〝権利思想や、個人主義では
絶対にうまくいくはずがない
お互いに譲り、
お互いを助ける互譲互助、
和のあり方でなければならぬ


 「日本人が、日本伝統の互譲、和の姿に一刻も早く立ち返り、対立闘争で行き詰っている世界に平和と福祉のあり方を教えることが、今日の日本人の世界的使命である。そしてその使命を担っているのが日本青年である。」と出光は訴える。
 「私は青年に呼びかける。政治家をあてにするな。教育に惑わされるな。そして祖先の伝統の地のささやきを聞き、自らを頼って言論界をひきづれ。この覚悟をもって自ら鍛錬し、修養せよ。そして、その目標を明治時代の日本人たることにおけ」
 「明治時代は、日本にとって最も偉大な力を発揮した時代である。建国以来、日本精神が世界的に爆発した時代である。
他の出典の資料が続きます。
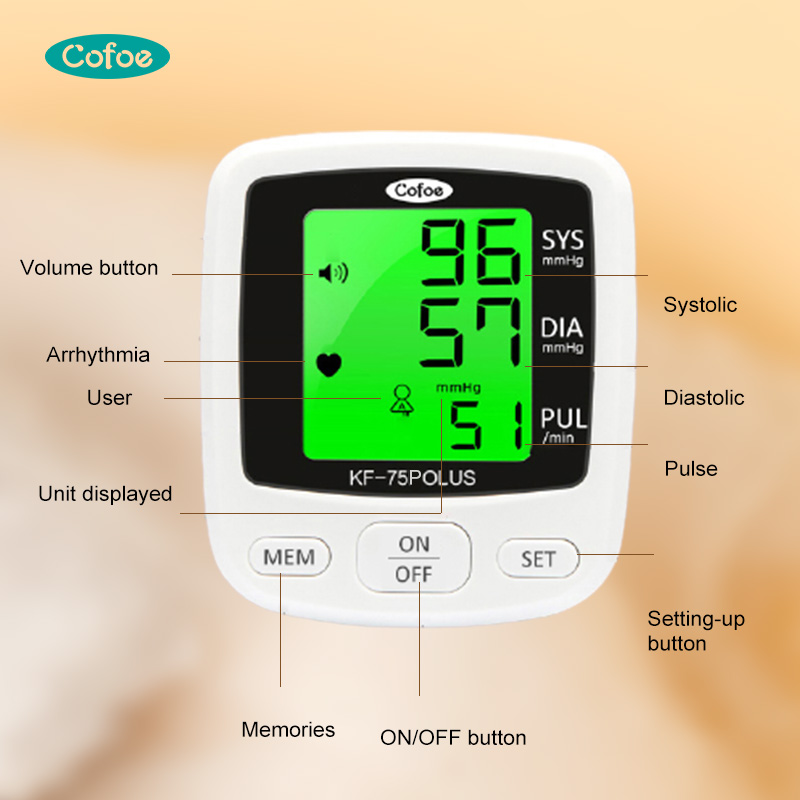 KF-75D-PLUS Krankenhaus-Blutdruckmessgerät mit Bluetooth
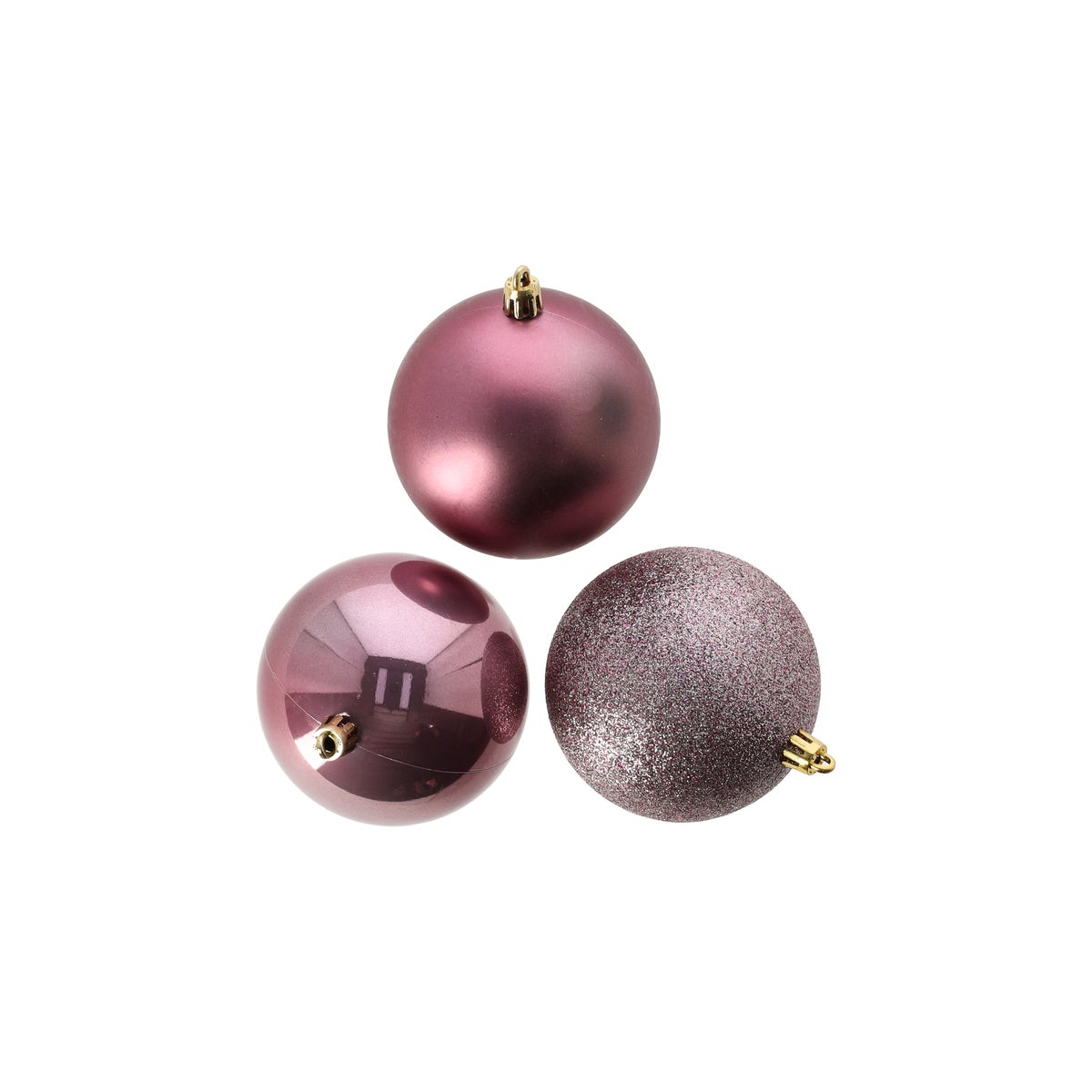 Kerstbal mix koker vintage pink Kerstbal mix koker vintage pink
国民は日本精神を堅持して、外国文化を吸収した時代である。心身を鍛錬し、人格を養成して人間尊重の基礎を固め、社会国家のために己を忘れて一致団結し、人間の偉大なる力を発揮した時代である」。こうして出光は日本人よ日本人らしくあれ、と訴え続けた。
 出光佐三をモデルにした『海賊と呼ばれた男』という小説がヒットしたが、決して出光は海賊のような男ではない。


【プロフィール】
出光 佐三(いでみつ・さぞう)1885年生まれ。
「家族経営」、「人間主義経営」を特色にし、日本の明日を考え常に国家的視点をもって経営した。小説「海賊とよばれた男」のモデル。